Data Integration and Data Preparation in Python

BigGorilla

“Data scientists, according to interviews and expert estimates, spend from 50-80% of their time mired in this more mundane labor of collecting and preparing unruly digital data, before it can be explored for useful nuggets.”

— Steve Lohr, Aug 17, 2014, New York Times (For Big-Data Scientists, ‘Janitor Work’ Is Key Hurdle to Insights)

BigGorilla is an open-source data integration and data preparation ecosystem (powered by Python) to enable data scientists to perform integration and analysis of data. BigGorilla consolidates and documents the different steps that are typically taken by data scientists to bring data from different sources into a single database to perform data analysis.  For each of these steps, we document existing technologies and also point to desired technologies that could be developed.

The different components of BigGorilla are freely available for download and use. Data scientists are encouraged to contribute code, datasets, or examples to BigGorilla.  Our goal is also to promote education and training for aspiring data scientists with the development, documentation, and tools provided through BigGorilla. Jumpstart with our BigGorilla introduction to data integration and data preparation.

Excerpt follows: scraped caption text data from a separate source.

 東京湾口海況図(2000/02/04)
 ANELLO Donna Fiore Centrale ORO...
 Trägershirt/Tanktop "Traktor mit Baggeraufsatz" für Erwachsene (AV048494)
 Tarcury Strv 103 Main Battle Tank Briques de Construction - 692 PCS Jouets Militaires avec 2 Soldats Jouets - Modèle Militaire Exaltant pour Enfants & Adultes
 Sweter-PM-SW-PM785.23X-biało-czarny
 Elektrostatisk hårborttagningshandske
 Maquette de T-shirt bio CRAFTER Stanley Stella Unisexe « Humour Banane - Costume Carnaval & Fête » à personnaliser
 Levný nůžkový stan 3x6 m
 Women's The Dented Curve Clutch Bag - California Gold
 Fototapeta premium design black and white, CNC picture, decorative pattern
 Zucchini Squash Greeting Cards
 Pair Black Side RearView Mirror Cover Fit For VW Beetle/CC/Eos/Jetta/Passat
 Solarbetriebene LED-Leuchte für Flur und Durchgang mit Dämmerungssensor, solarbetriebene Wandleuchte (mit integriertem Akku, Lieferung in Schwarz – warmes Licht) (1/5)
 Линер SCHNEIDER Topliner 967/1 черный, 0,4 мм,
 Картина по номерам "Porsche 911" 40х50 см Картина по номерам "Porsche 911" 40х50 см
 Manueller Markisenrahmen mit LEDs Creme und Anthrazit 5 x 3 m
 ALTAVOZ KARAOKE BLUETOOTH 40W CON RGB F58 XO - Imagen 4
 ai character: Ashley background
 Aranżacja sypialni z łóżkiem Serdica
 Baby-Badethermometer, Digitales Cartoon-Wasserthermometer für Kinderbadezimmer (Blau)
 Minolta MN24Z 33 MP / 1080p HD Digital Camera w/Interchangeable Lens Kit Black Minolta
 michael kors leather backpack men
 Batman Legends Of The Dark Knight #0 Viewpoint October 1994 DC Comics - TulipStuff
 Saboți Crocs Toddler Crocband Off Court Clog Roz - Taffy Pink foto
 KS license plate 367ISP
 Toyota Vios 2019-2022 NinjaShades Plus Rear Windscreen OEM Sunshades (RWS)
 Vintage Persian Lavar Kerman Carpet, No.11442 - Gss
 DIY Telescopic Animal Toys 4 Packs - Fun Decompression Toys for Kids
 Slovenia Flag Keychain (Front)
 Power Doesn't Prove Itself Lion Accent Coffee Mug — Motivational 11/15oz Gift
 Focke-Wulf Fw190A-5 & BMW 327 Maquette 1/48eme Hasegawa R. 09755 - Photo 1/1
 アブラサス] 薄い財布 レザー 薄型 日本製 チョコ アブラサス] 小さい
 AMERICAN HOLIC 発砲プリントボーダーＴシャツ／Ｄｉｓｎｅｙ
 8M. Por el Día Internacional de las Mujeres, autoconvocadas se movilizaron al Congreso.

  • OPEN-SOURCE COMPONENTS FOR DATA INTEGRATION AND DATA PREPARATION

  • CAN BE COMBINED AND REUSED IN DIFFERENT CONTEXT AND DIFFERENT WAYS

  • TUTORIALS, DATASETS, AND EXAMPLES

OVERVIEW

Here is a hypothetical scenario to illustrate how different components (see bottom of the page) of BigGorilla may be used. Suppose a company is trying to understand the sentiments of its customers and potential customers regarding products of its own and products of its competitors. Their goal is to obtain and prepare data from relevant tweets, blogs, and news articles before running their favorite sentiment analysis algorithm on the data. The following is a depiction of the possible steps taken to prepare the data prior to the running of their sentiment analysis algorithm.

The first step is to acquire data from different sources (in this case, from relevant tweets, blogs, and news feeds). In our scenario, one source will produce a CSV file while the other produces a JSON file. The data scientist then applies two extractors to extract the following information respectively: (1) tweet(company, item, {sentence, tweetid, date}) in JSON format, where sentence, tweetid, date are grouped by company and item and (2) about(company name, product, sentiment utterance, blogurl, date) in CSV format. The next step is a data transformation step, where we convert the JSON file into a CSV file by unnesting sentence, tweetid, and date with company and item. Next, we match the schemas of the two CSV files with a goal schema final(company, product, utterance, provenance, date) that is designed by a user. The resulting matchings are used by the schema mapping component to generate a script that would translate and combine both CSV files into data that conforms to the goal schema. The final step is data matching, where the goal is to identify all utterances that belong to the same company and product pair.  The different steps can be coordinated manually or through a workflow management tool.

DATA ACQUISITION

Use this component when you wish to acquire data from other sources (such as Web pages, tables from an RDBMS database, Excel and pdf files from a local email system, and so on) or generate synthetic data from sensitive ones.

DATA EXTRACTION

Use this component when you wish to extract structured data from semi-structured or natural text, such as extracting attribute-value pairs that describe a product from text, or extracting person and organization names.

SCHEMA MATCHING & MERGING

Use this component when you wish to match attributes across two schemas, such as “address” in one schema with “location” in another, or merge two schemas into one.

DATA MATCHING & MERGING

Use this component when you wish to identify when two entities are the same, such as whether or not two tuples (David Smith, JHU, 35) and (Dave Smith, John Hopkins, 37) refer to the same real-world entity, or when you wish to combine data from different sources together, which may involve reconciling conflicting values.

DATA TRANSFORMATION

Use this component when you wish to convert data from one format into another, such as from CSV to JSON, or reshape or reorganize data into a desired form.

SCHEMA MAPPING

Use this component when you wish to generate scripts (from schema matchings) that can be executed to combine data from different sources into data that conforms to a schema.

WORKFLOW MANAGEMENT

Use this component when you wish to build a pipeline of your data integration and data preparation tasks, automate the pipeline, handle input/output data, failure etc.